This repository contains part of the code and pre-trained models for our paper “Awareness of Time: Video-Language Models Embedding with Temporal Reasoning”, which has been submitted to LREC-COLING2024. The complete code will be released after the conference announces the acceptance results.
Video-language pre-training has significantly improved the performance of diverse downstream tasks related to video and language. However, existing approaches often directly adapt image-language pre-training paradigms to video-language tasks, neglecting the unique temporal characteristics of videos. In this paper, we present a novel temporal-aware video-language pre-training framework. It introduces two innovative pre-training tasks to enhance temporal-awareness in multi-modal representations, incorporating fine-grained temporal moment information and temporal contextual relations between video-text pairs. Firstly, we propose a cross-modal moment exploration task, leveraging paired texts to uncover detailed video moment representations. Subsequently, using the acquired moment representations, we capture inherent temporal contextual relations by aligning video-text pairs across different time resolutions in a multi-modal temporal relation exploration task. Additionally, we introduce a shuffling test to assess the temporal reliance of datasets and the efficacy of video-language pre-training. This framework aims to fully exploit the temporal dimension in video data for more effective pre-training and improved downstream task performance.
·We show that existing video-language models have difficulty in associating time order in video and language through controlled experiments on synthetic data and several evaluations on real datasets.
·We propose a temporal reasoning video-language pre-training framework with both videolanguage understanding and generation capabilities.
·We introduce temporal reasoning pre-training tasks to generate temporal reasoning multi-modal representation through modeling fine-grained temporal moment information and capturing the temporal contextual relations between moment and event.

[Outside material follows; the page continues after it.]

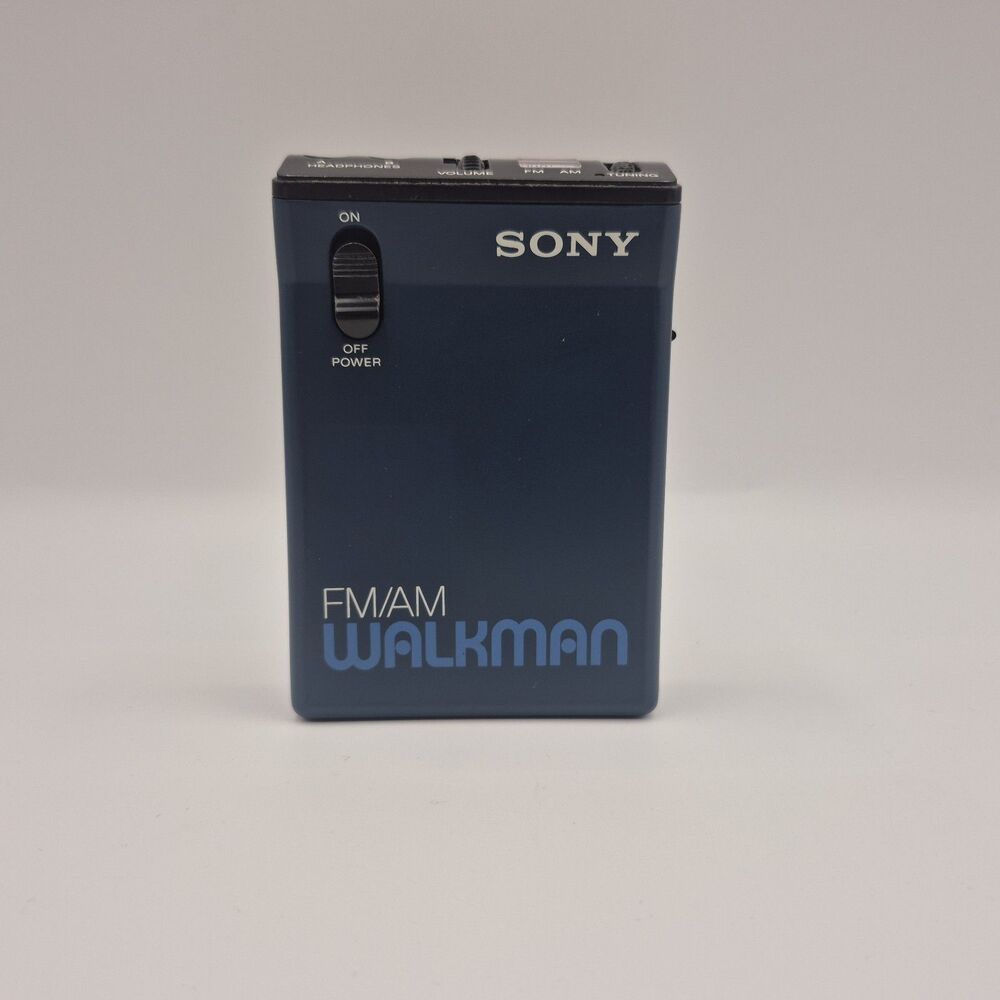 Sony Walkman Am/FM Radio SRF-22W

we pre-train our model on a webly-sourced video dataset WebVid-2M with 2.5M video-text pairs and a image-text dataset Google Conceptual Captions (CC3M) with 3M image-text pairs. Unlike previous methods, we do not pre-train our model on the large-scale video-text datasets like HowTo100M with 136M video-text pairs and YT-Temporal-180M due to the heavy computation.
We evaluate our pre-trained model on several video-language benchmarks including video-text retrieval, video question answering, and video captioning tasks. Specifically, video question answering (VideoQA) can be categorized as Multiple-Choice (MC) and Open-Ended (OE) settings. The evaluation datasets are briefly summarized in below.

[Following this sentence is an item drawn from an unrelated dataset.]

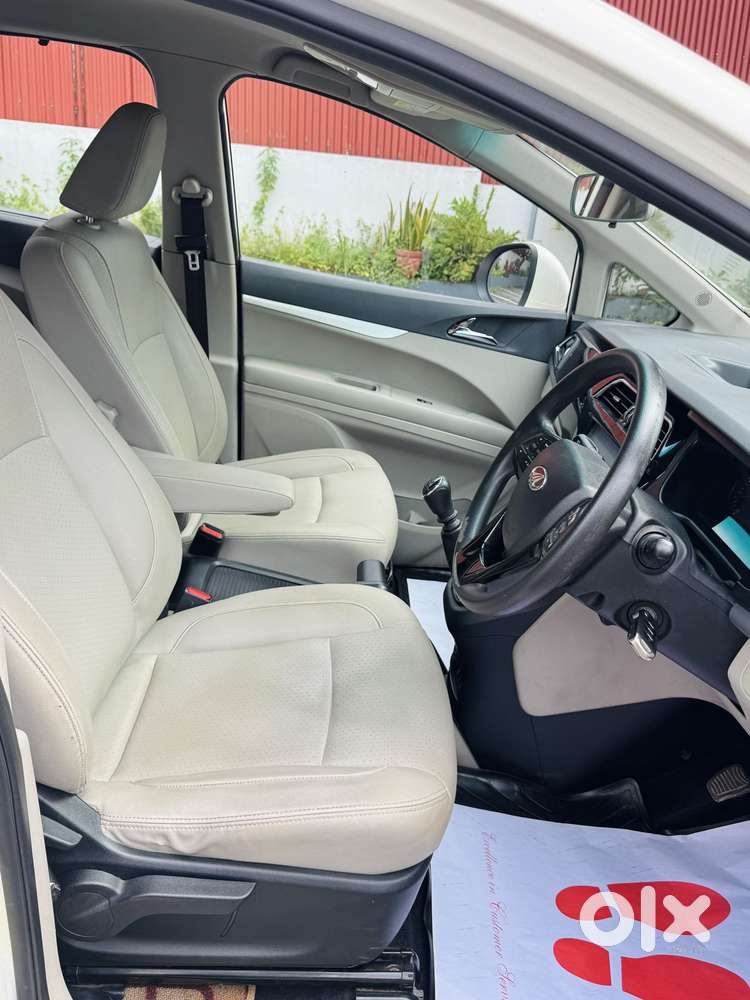 Mahindra Marazzo M8, 2018, Diesel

• Video-Text Retrieval: MSRVTT, ActivityNet Caption and SSv2-Template;
• VideoQA (MC): TGIF-Action, TGIF-Transition, MSRVTT-MC and NExT-QA;
• VideoQA (OE): MSRVTT-QA,MSVD-QA and ActivityNet-QA;
• Video Captioning: MSRVTT.
Post-pretraining Dataset | Hyperparameters | Download link | ||
---|---|---|---|---|
$\alpha_{\text{same}}$ | $\alpha_{\text{cross}}$ | $\beta$ | ||
TEMPO-TL | 1.0 | 1.0 | 1.0 | Link |
ActivityNet | 1.0 | 1.0 | 0.0 | Link |
Charades | 1.0 | 1.0 | 0.0 | Link |
Charades-Ego | 1.0 | 1.0 | 1.0 | Link |
These two parts will be released after the conference announces the acceptance results.